The Mariners were the winners of their arbitration hearing with Teoscar Hernandez, Jon Heyman of the New York Post reports (Twitter link). The arbitration panel ruled that Hernandez will earn $14MM in 2023, rather than the outfielder’s sought-after salary of $16MM.
This was Hernandez’s final year of arb eligibility, as he is slated to enter the free agent market next offseason. 2023 will also be the slugger’s first season in Seattle, after the M’s acquired Hernandez from the Blue Jays in one of the winter’s most notable trades. The Mariners dealt a quality set-up man in Erik Swanson and an interesting pitching prospect in Adam Macko to Toronto in the hopes that the 30-year-old Hernandez can add some pop to the lineup.
Hernandez hit .267/.316/.491 with 25 home runs over 535 plate appearances with the Jays in 2022, continuing his string of somewhat quietly productive seasons.
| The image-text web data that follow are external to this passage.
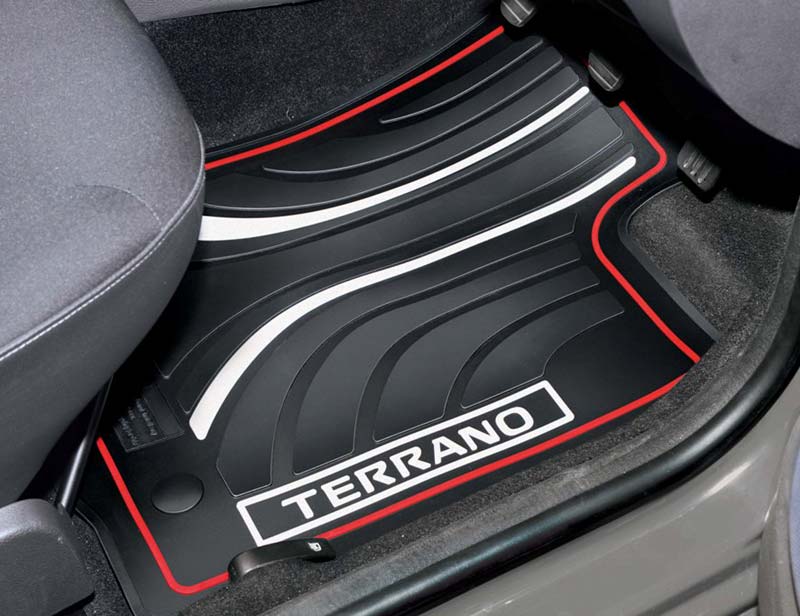 nisaan terrano groove
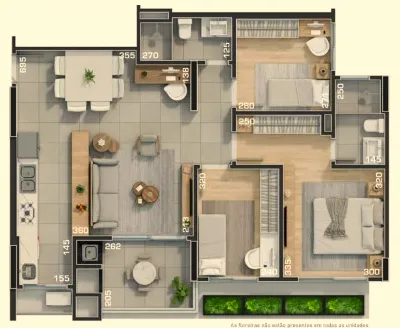 Trebbiano Residencial - Fase 1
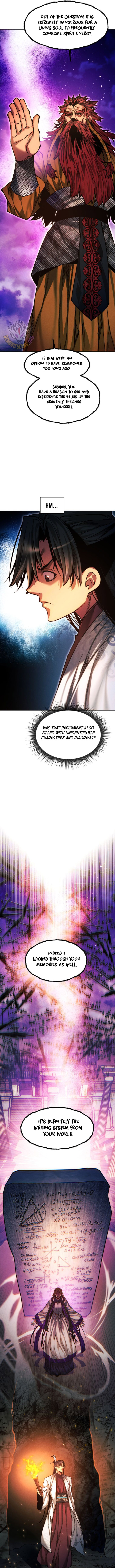 A Modern Man Who Got Transmigrated Into the Murim World Chapter 139 4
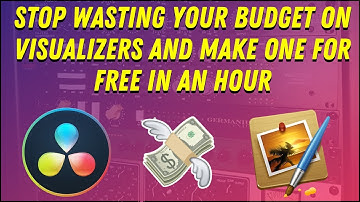 Why You Should Be Making Free Visualizers With DaVinci Resolve
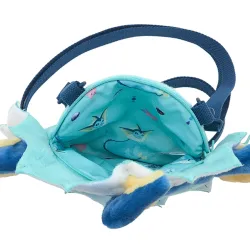 Shoulder Bag Vaporeon Pokémon Eevee Collection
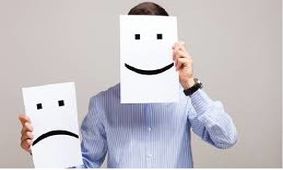 چرا شاد بودن برای برخی افراد سخت‌ تر است؟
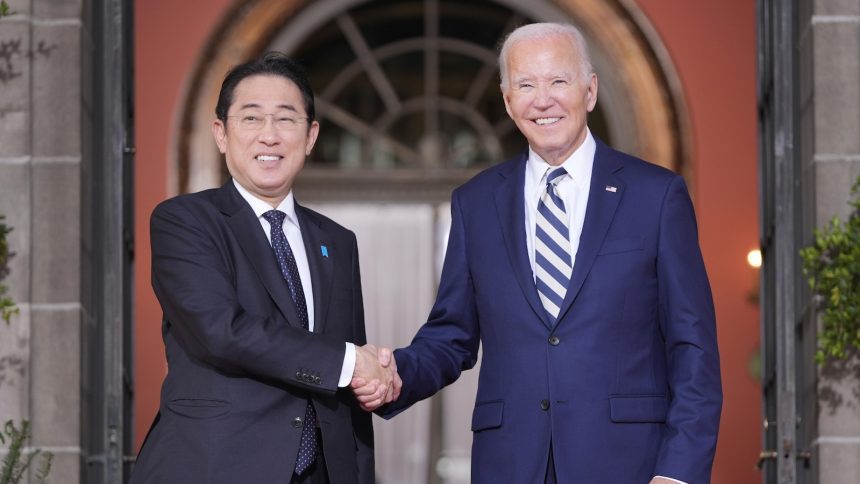 Biden Warns Quad Leaders: Beijing’s Provocations Pose Challenges Amid China’s Economic Turmoil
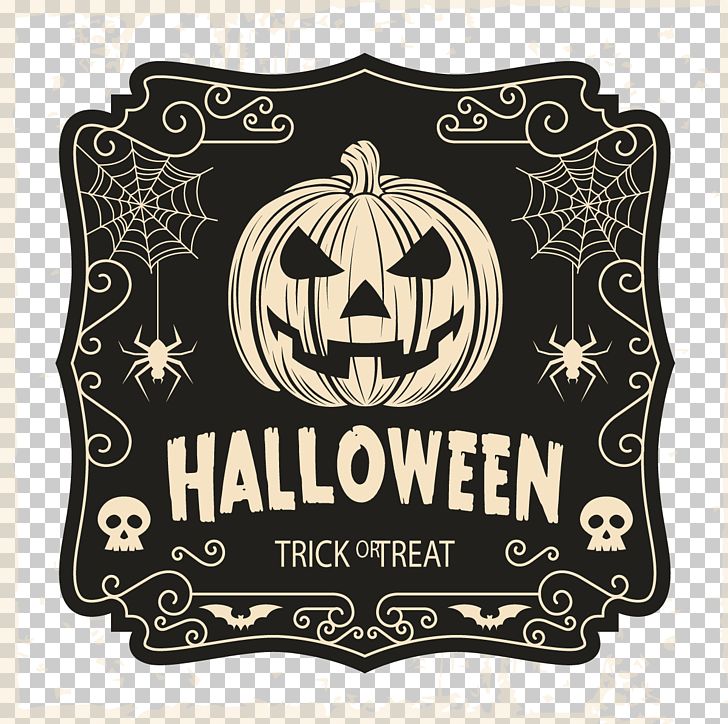 Halloween Costume Trick-or-treating T-shirt PNG, Clipart, Brand, Cobweb, Decorative Patterns, Font, Gift Free PNG Download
Since the start of the 2018 season, Hernandez has hit 121 homers and slashed .263/.321/.499, which works out to a solidly above-average 120 wrRC+. Hernandez won Silver Slugger honors in both 2020 and 2021, and was also named to his first All-Star team in 2021.
Despite all these pluses, the Jays felt Hernandez was expendable as part of their effort to add more defense, quickness, and left-handed hitting balance to the lineup. While Hernandez’s speed is perhaps underrated, his glovework as a corner outfielder drew mixed reviews at best, and such major public defensive metrics as Outs Above Average (-5), UZR/150 (-5.3) and Defensive Runs Saved (-3) all gave him subpar marks as a right fielder in 2022. Hernandez’s offensive production is also somewhat one-dimensional — he brings plenty of power and hard contact, but also a lot of swing-and-miss without many walks.
Since arbiters generally tend to look more at traditional counting stats than advanced metrics, the drop from Hernandez’s 2021 numbers (32 homers, 116 RBI, .296 average) to his 2022 number could explain why the panel ruled in favor of the Mariners. Hernandez will still receive a nice raise from his $10.65MM salary in 2022, and barring an extension with the M’s at some point, he’ll look to deliver a good platform season to set him up for a hefty multi-year contract next offseason.
With Hernandez’s case now decided, Seattle’s arbitration business has concluded for the winter. The club didn’t reach an agreement with three players prior to the figure-exchange deadline, but the Mariners ended up winning their hearings with Hernandez and Diego Castillo, and reaching a three-year extension with Dylan Moore.